W tym artykule dowiesz się o:

Brazylia

- Reprezentacja Brazylii to gospodarz finałów, dlatego będą mieli zagwarantowany udział w turnieju finałowym. Mimo to drużyna z Kraju Kawy - moim zdaniem - i tak będzie faworytem grupy A. Bardzo możliwe, że podopieczni Bernando Rezende odpuszczą pierwszą część Ligi i zagrają wtedy zmiennicy. Mają pewną kwalifikację i dlatego mogą sobie na to pozwolić. Sądzę jednak, że nie będzie to problemem dla Brazylijczyków, ponieważ oni mają tak szeroki skład, iż bez problemu powinni i tak wygrywać.

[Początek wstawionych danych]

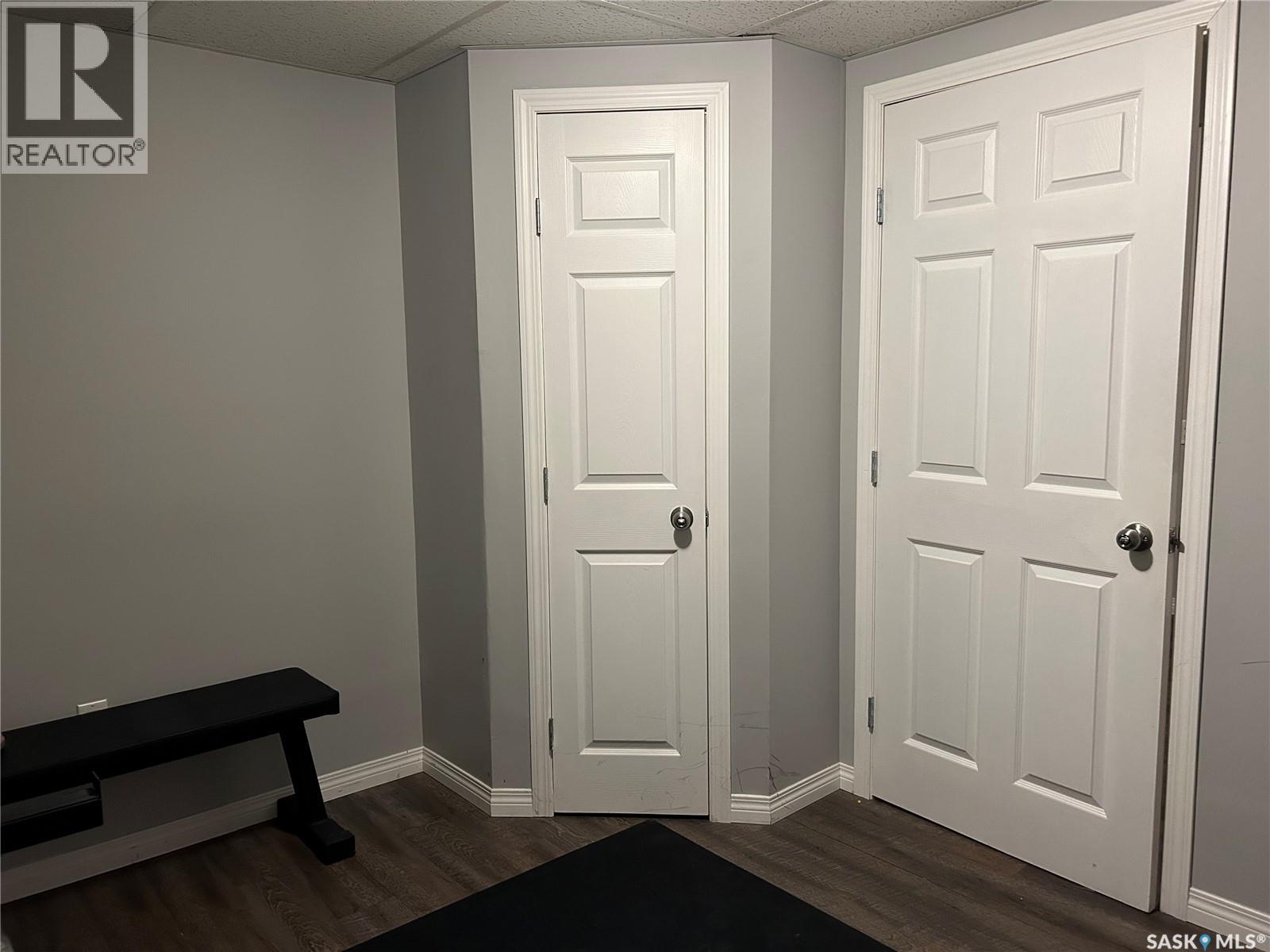 516 First Avenue E, Lampman, Saskatchewan  S0C 1N0 - Photo 38 - SK010303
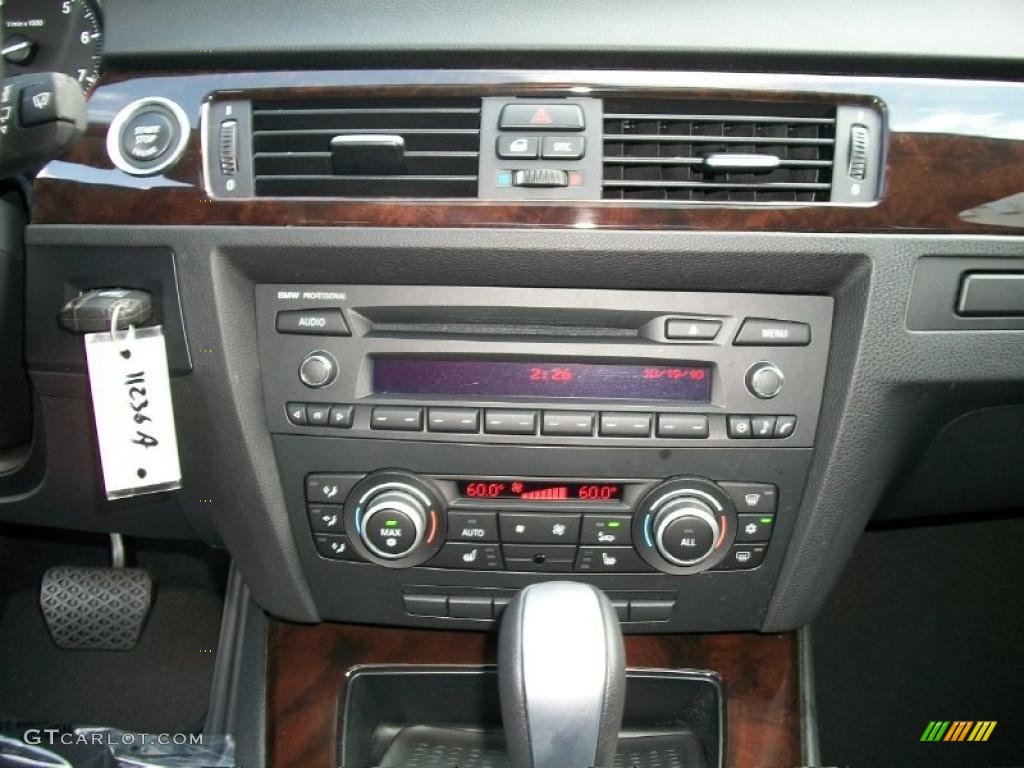 2011 BMW 3 Series 328i xDrive Sedan Controls Photo #38381058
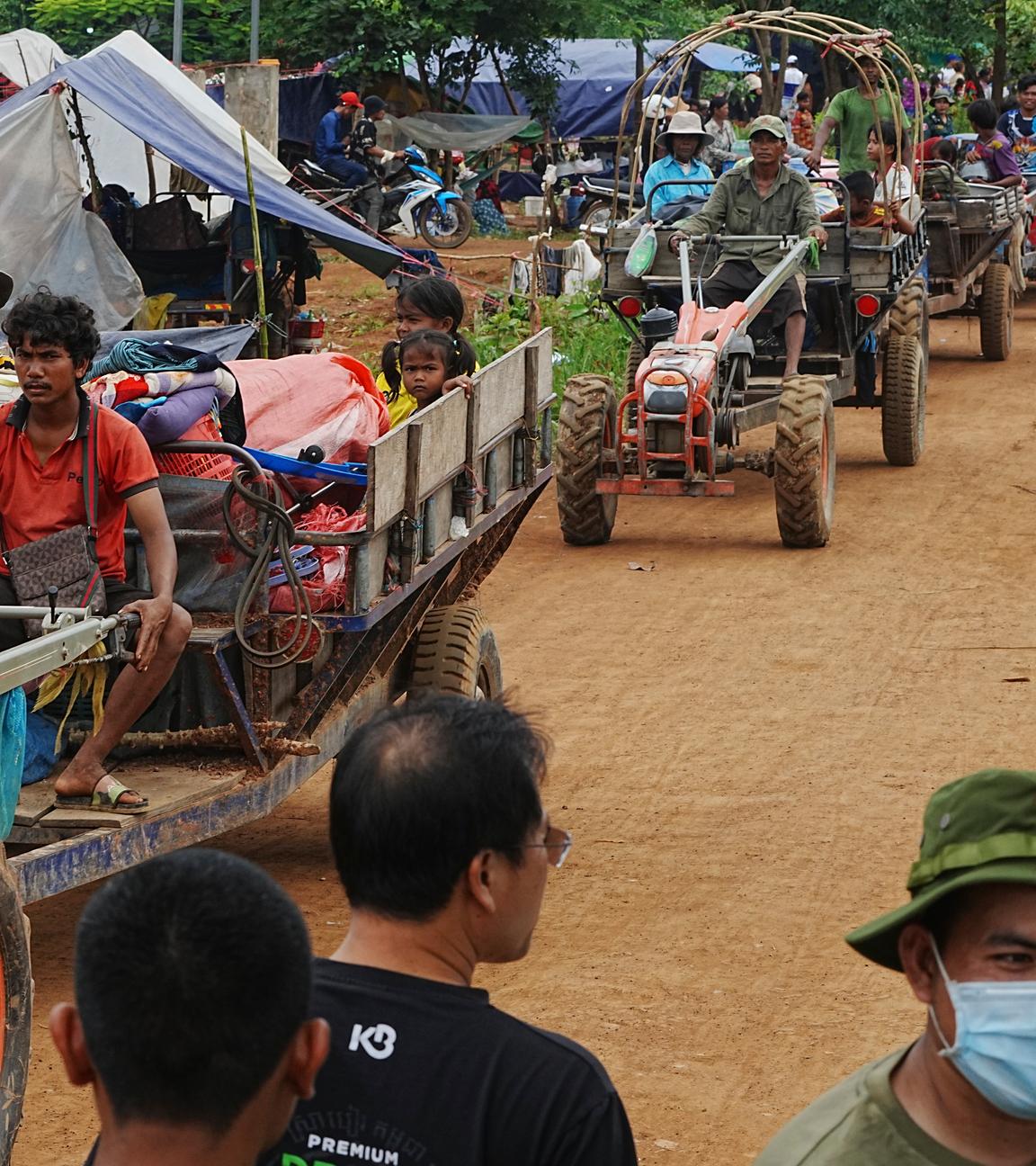 Kambodschaner sitzen auf einem Traktorwagen und suchen Zuflucht in der Batthkoa-Grundschule in der Provinz Oddar Meanchey, Kambodscha, am Samstag, den 26. Juli 2025, während die Grenzkämpfe zwischen Thailand und Kambodscha in den dritten Tag gehen.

- Reprezentacja Brazylii z pewnością będzie najmocniejsza przed własną publicznością. Jak na hali pojawi się te 20 tysięcy ludzi, którzy regularnie chodzą na mecze reprezentacji, to ich siatkarze powinni, a wręcz muszą wygrywać z każdym. Nawet jeśli wystąpi rezerwowy skład. Nie zdziwię się bowiem, jeśli Rezende wystawi jakąś kompletnie zaskakującą szóstkę.

Francja

- Z całą pewnością Francuzi podejdą z największą determinacją do Ligi Światowej. To jedyna drużyna z tej grupy, która nie zdołała się zakwalifikować do Igrzysk Olimpijskich. Jest to dla nich spora porażka i będą z pewnością chcieli się teraz przynajmniej w części zrehabilitować. Właśnie dlatego będą z całą pewnością walczyć z dużą determinacją.

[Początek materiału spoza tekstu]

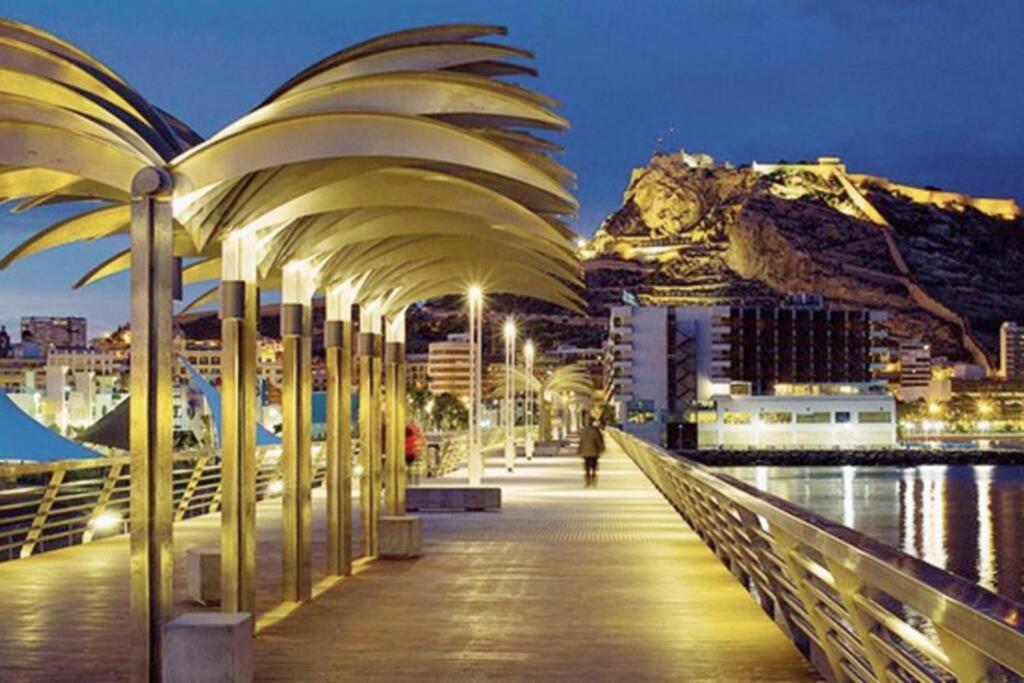 Espacioso Y Centrico Piso Con Zona Chill-Out Alicante Zewnętrze zdjęcie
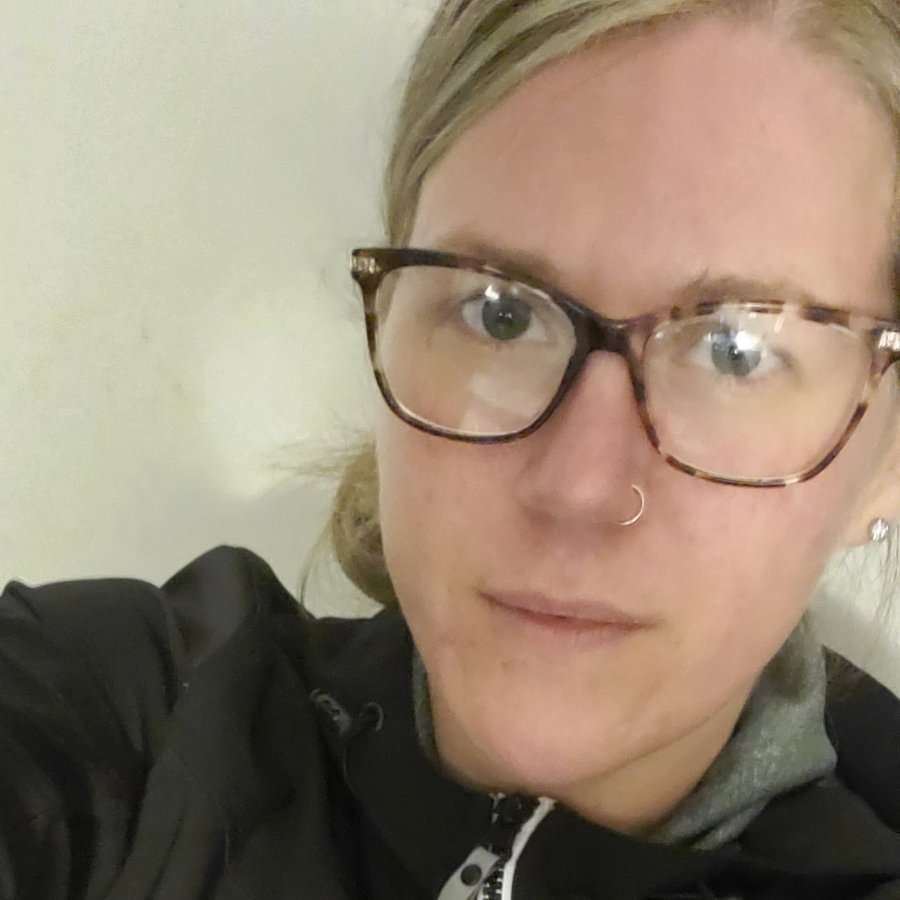 Saskgrl Hi.. Sundre Senior Chat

- Reprezentacja Francji jest cały czas w przebudowie i myślę, że będziemy mogli zobaczyć na parkiecie kilku ciekawych zawodników. Selekcjoner Philippe Blain słynie z tego, że daje zawsze szanse kilku młodym zawodnikom. To właśnie może być bardzo ciekawie, bo ci siatkarze zazwyczaj potrafili zaskoczyć. Oczywiście w całym składzie nie zabraknie takich gwiazd, jak choćby Stephane Antiga.

- Moim zdaniem Francuzi, właśnie z powodu, że nie zakwalifikowali się do Igrzysk Olimpijskich, będą obok Brazylii drugim faworytem tej grupy.

Serbia

- Wydaje mi się, że Serbia zdecydowanie odpuści sobie Ligę Światową. Oni nie jednokrotnie pokazali, że potrafią się przygotowywać jednorazowo do wielkich imprez, a taką z pewnością są Igrzyska Olimpijskie. Często nie byli stawiani w gronie ścisłych faworytów, a mimo to oni robili psikusy.

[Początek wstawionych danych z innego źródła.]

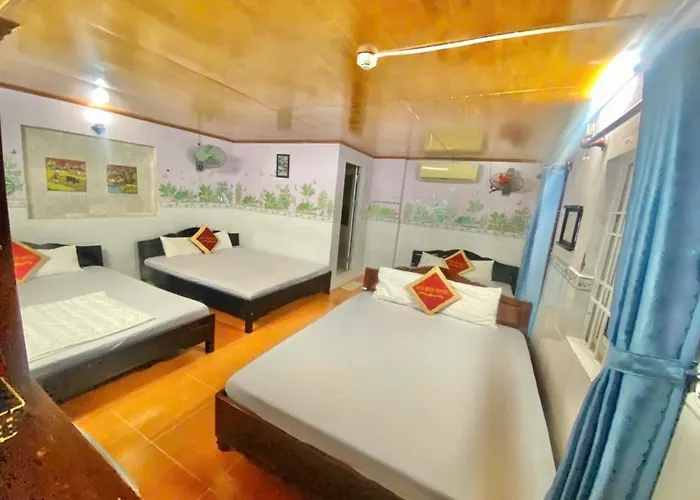 Anh Quan Hotel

- Reprezentacja Serbii czyni stałe postępy. W jej składzie znajdują się choćby tacy zawodnicy, jak Nikola Grbic, czy Ivan Milijkovic, a to jest klasa sama w sobie. Oprócz nich jest Novica Bjelica, którzy przez ostatni sezon grał we Włoszech i również się bardzo dobrze prezentuje. To są zawodnicy, którzy współtworzą trzon reprezentacji Serbii, a cały skład tej drużyny wydaje się być bardzo ciekawy.

- Mimo tego mocnego składu uważam, że Serbia potraktuje ulgowo Ligę Światową i w tych rozgrywkach nie ma co na nich stawiać.

Wenezuela

- Reprezentacja Wenezueli to chyba największy znak zapytania i ciężko tu cokolwiek powiedzieć. Oni mogą być groźni u siebie, natomiast na wyjazdach nie prezentują takiego poziomu, żeby zagrozić innym rywalom.

- O sile Wenezuelczyków stanowi praktycznie jeden zawodnik, mówię o Ernando Gomezie, który zdecydowanie się wyróżnia ponad przeciętność. Pamiętam go jak grał w Panathinaikosie Ateny, gdzie się bardzo brylował. Ten atakujący ma 195 cm wzrostu, 355 cm zasięgu w ataku i 350 cm w bloku. Jest przy tym bardzo skuteczny. Pozostali reprezentanci Wenezueli to już jednak gracze dosyć anonimowi. Chociaż ten zespół stale się rozwija, to nie spodziewam się, żeby mógł osiągnąć jakiś znaczny sukces podczas tegorocznej Ligi Światowej, choć z pewnością postawa tej reprezentacji jest niewiadomą.